Category Archives: Dreamz n Ambitions

Musings on the eve of my birthday

So anyway who knows me knows i love my birthday. There have been historic records that tell about The Tall One’s phone having alerts on his phone gently reminding him that his wife’s birthday is in 74 days. Times have changed and now i even get to harass the kid and remind him that we cant discuss his birthday because mine comes first – a whole 22 days before his.

So its the last hour of my 36th year. It’s a lonely one – or should be defined as one maybe. The Tall one is travelling (on a flight back) and the Elf is asleep. I sit on my couch and am doing mundane things like folding laundry while watching crappy television.

In my head – that is pretty much the definition of being a loser. But God knows I am loving the peace. No I don’t crave the peace but right now its welcome.
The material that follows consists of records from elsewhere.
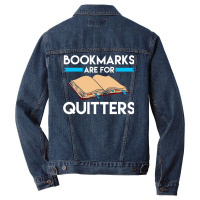 Bookmarks Are For Quitters Funny Reading Long Sleeve T Shirt Men Denim Jacket | Artistshot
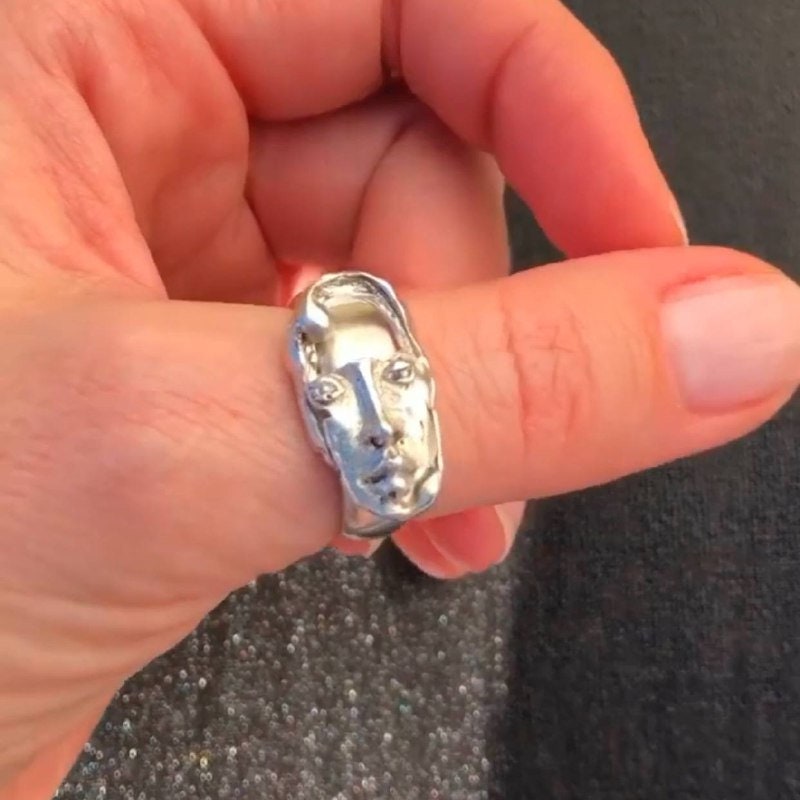 Statement sterling silver "FACE" ring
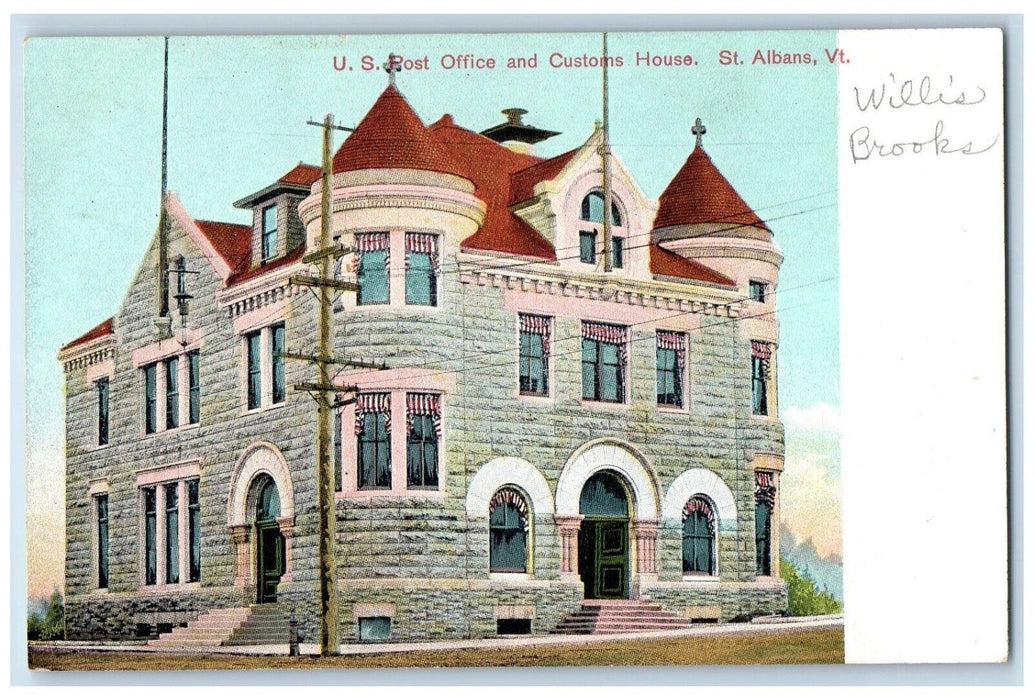 1908 US Post Office And Customs House St. Albans Vermont VT Antique Postcard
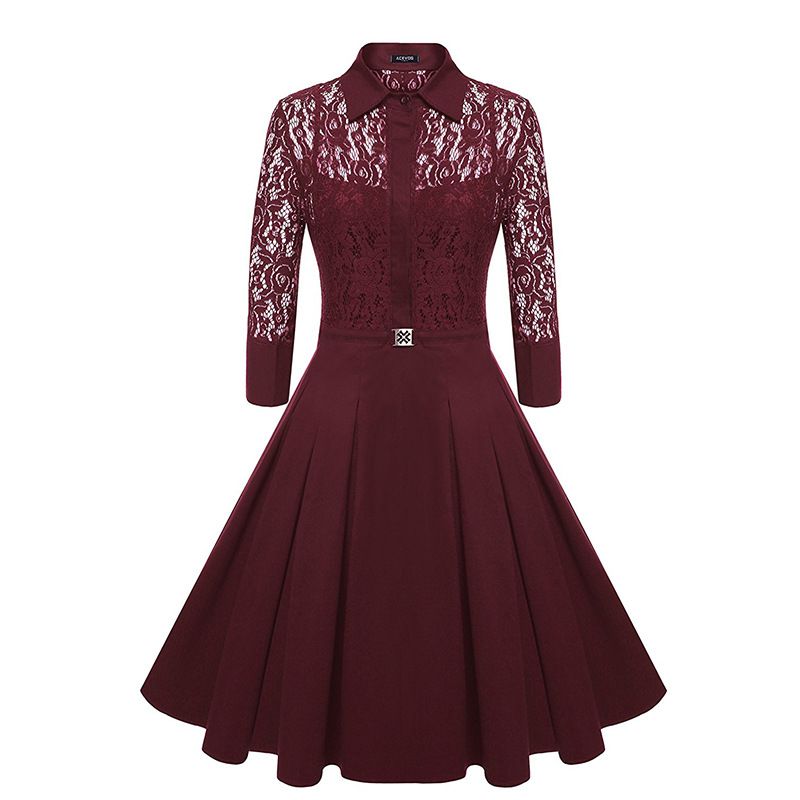 Vestito Da Donna Partito Di Pizzo Rockabilly Abiti Da Donna Elegante Abito  Da Cerimonia Di Ritorno A Casa Da 25,39 € | DHgate Italy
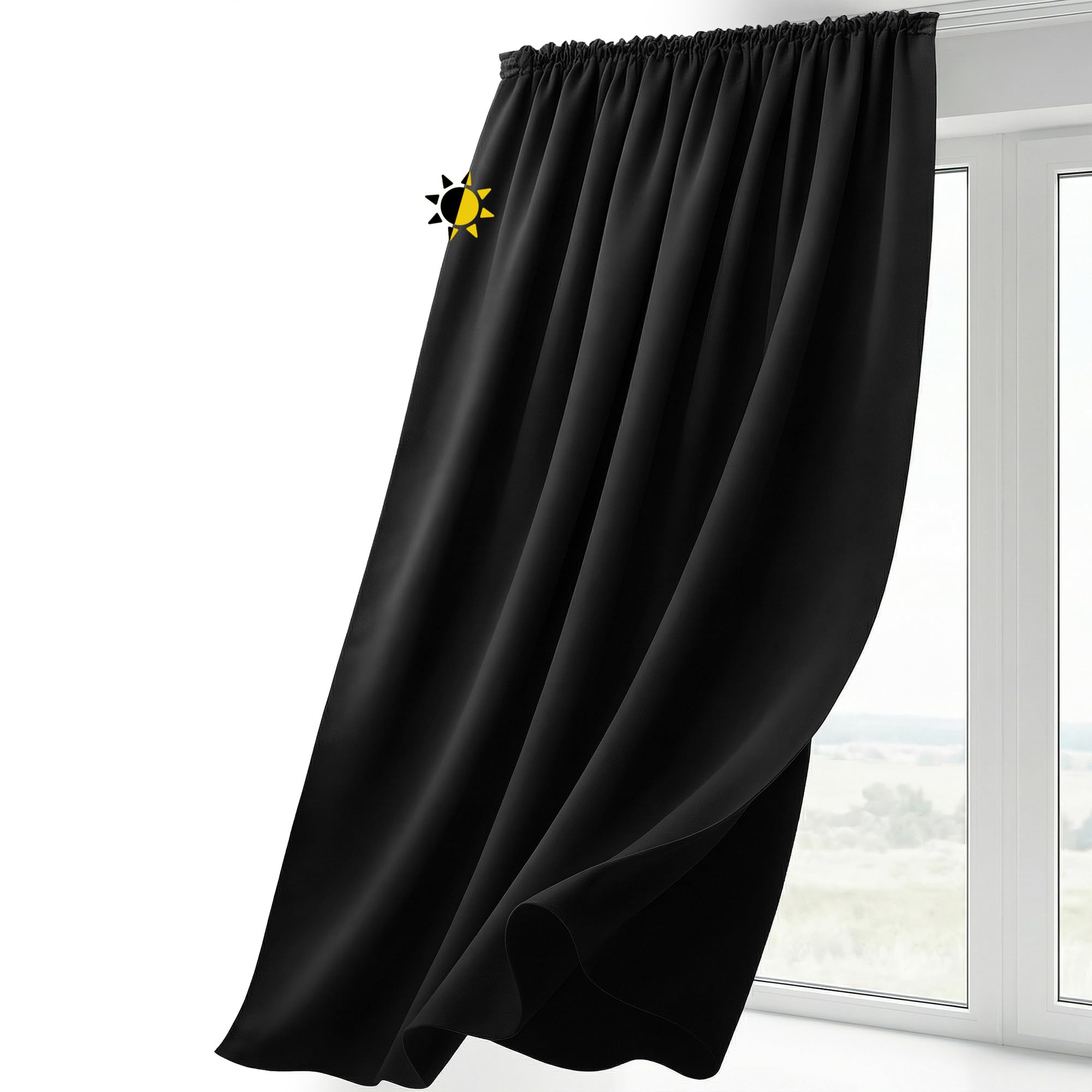 Cortina opaca BEAUTEX negra de 140x145 cm para eliminar la luz molesta en el dormitorio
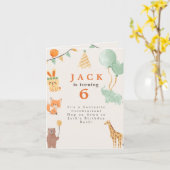 子供の動物をテーマにした誕生日パーティーの招待状 カード (黄色い花)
I want time to slow down – I want the last hour of my 36th year to slow down before the calls start and the excitement and the busyness of tomorrow starts.
Time – what’s the hurry?

You seem to be moving fast.

Yet at times I wonder if you are really working?

Time you have made my kid seem so big now and every time i see the long legs and the pants which shorten by the day, my heart feels a twinge. Yet it seems just yesterday when he smiled his toothless baby smile at me.

I look at old pics of the Tall One and I from college and i see time that you have worked and our youth is in the past. It makes me nostalgic for another time, another era – where dreams were so different – I dont even know if they were mine. Yet memories of weekends spent just the 2 of us living the non child life dont seem 7 long years ago.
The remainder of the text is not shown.